In their submitted comments, MFBF pointed out that the definition of WOTUS is extremely important to their members. 

“Our farmer and rancher members make their living on the land in all 56 counties, raising a variety of crops and livestock. Some have the benefit of irrigation, but others operate on completely dry land farms or ranches that rely on reservoirs to provide water to their livestock. The one thing these folks have in common is that they are all need water in order to raise the food and fiber that fuels this nation and much of the world,” noted MFBF President Hans McPherson in the comments. “Over the years, farmers and ranchers have taken great strides in preserving and conserving one of our most important resources; water.”

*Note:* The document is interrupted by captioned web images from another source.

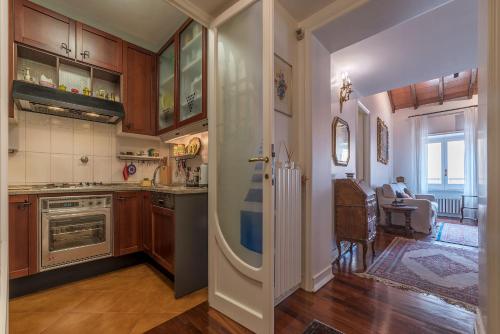 Quiet and classic on two floors by Trevi Fountain - image 11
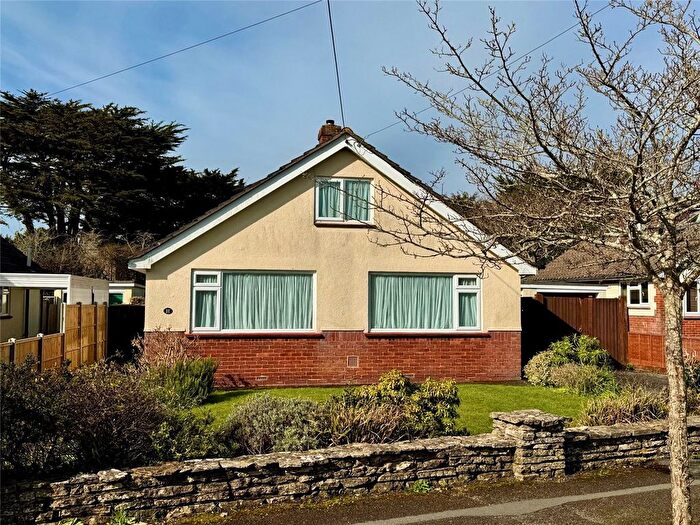 2 Bedroom Bungalow For Sale In Newton Road, Barton On Sea, Hampshire, BH25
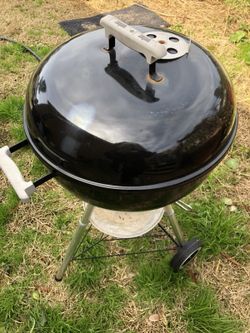 Charcoal grill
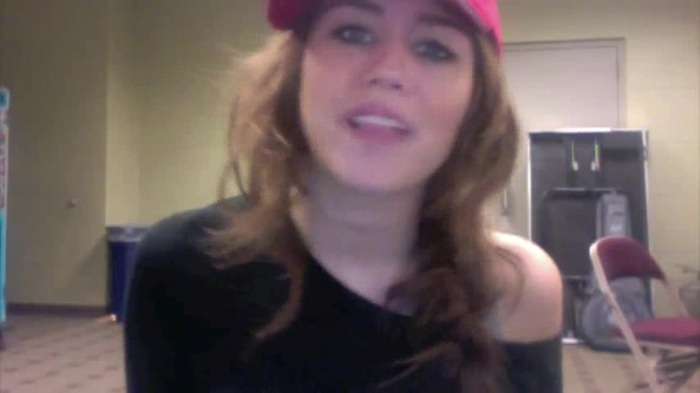 Miley Says Goodbye to Twitter 318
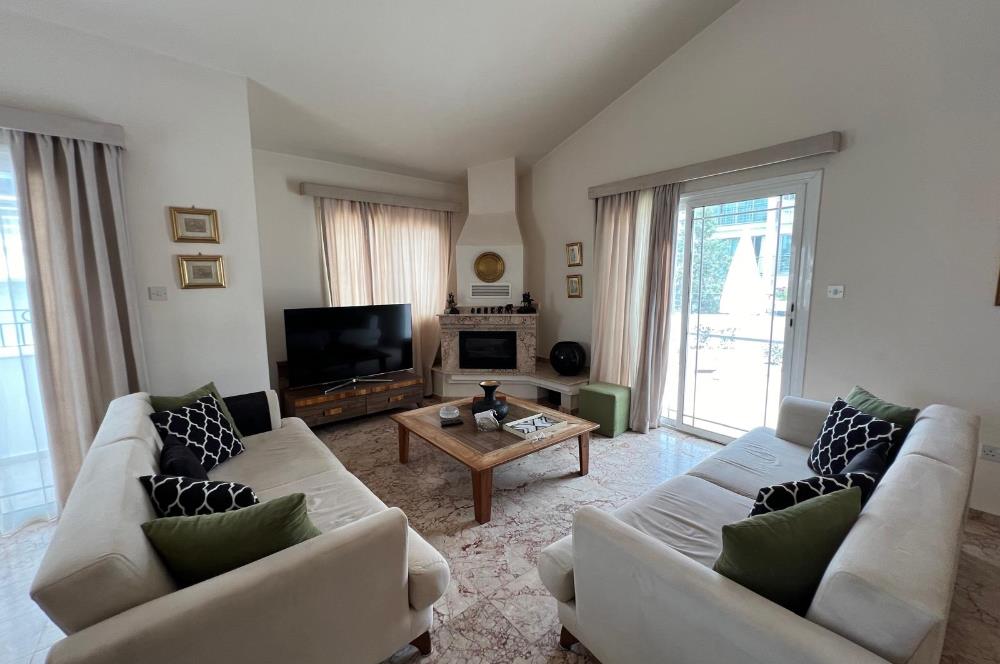 3+1 luxury penthouse For sale fully furnished. Kyrenia city center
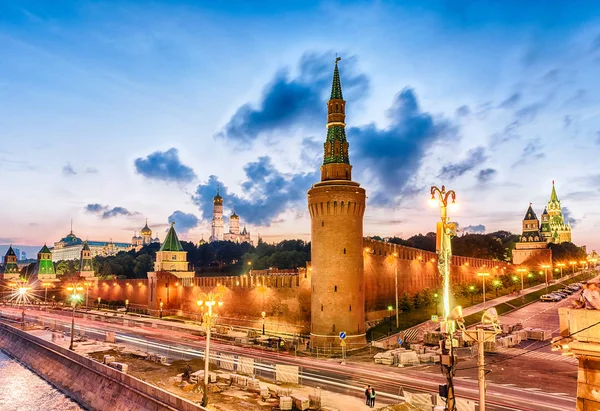 Сценический вид на Беклемишевскую башню и Кремль, Москва, Россия — стоковое фото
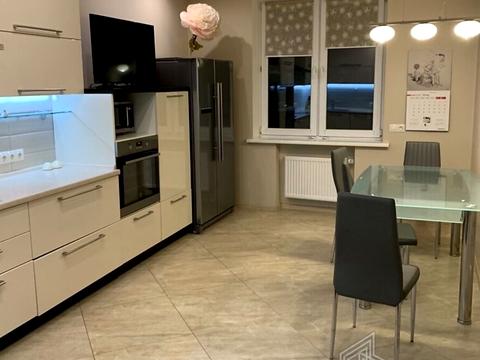 квартира за адресою Дмитрівська вул., 75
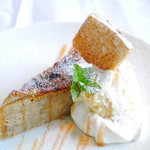 カフェ＆バル 掌 - 黒糖バナナケーキ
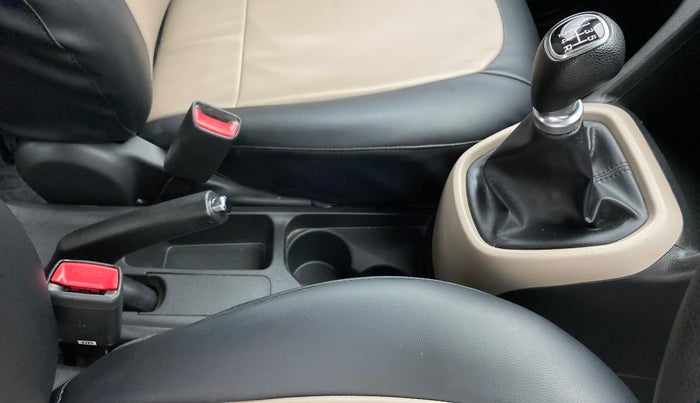 2019 Hyundai Grand i10 SPORTZ 1.2 KAPPA VTVT, Petrol, Manual, 49,973 km, Gear Lever
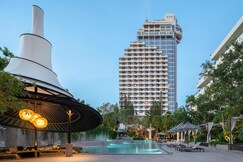 The Royal Paradise Hotel & Spa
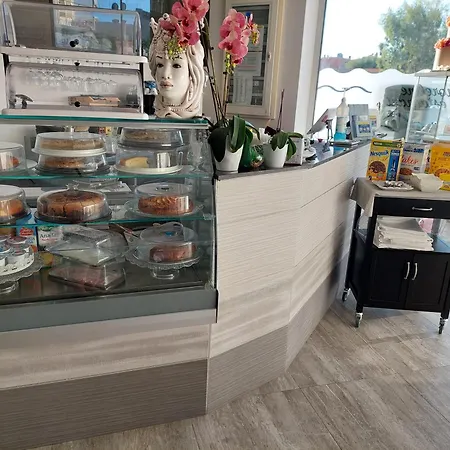 مبيت وإفطار بريزا مارينا فندق مبيت وإفطار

McPherson expressed dismay that the EPA and the Corps’ have announced intent to revise the definition of “Waters of the U.S.” by first repealing the Navigable Waters Protection Rule (NWPR) and second, refining the pre-2015 definition of WOTUS. 

“The Navigable Waters Protection Rule was a clear, defensible rule that appropriately balanced the objective, goals, and policies of the Clean Water Act. It provided our farmer and rancher members with the clean water and clear rules that we requested,” noted McPherson. “The Navigable Waters Protection Rule (NWPR) very clearly protects lakes, rivers and streams, the very areas intended for regulation by the Clean Water Act. Most ditches and areas where water sits temporarily are excluded, which is appropriate. This point is especially important in states like Montana because due to our unique and extreme climate, there are low spots in fields and pastures that only hold water for short periods of time, especially during the spring when snow is melting, or in the summer after a hard downpour of rain from a thunderstorm. These spots on the land that are wet for only short periods of time should never be considered jurisdictional.”

MFBF asked that the agencies recognize the burden overreaching regulations place on farmers and ranchers, to respect the statute and not write the term “navigable” out of Clean Water Act regulations. 

“We ask you to remember the importance of cooperative federalism and the fact that where federal regulation ends, state regulation begins,” said McPherson. “In Montana, we have two dedicated agencies working toward the protection of state waters and we believe that because they are close to the people and resources they regulate, they are well equipped to do so, and have a track record of taking their responsibility seriously.”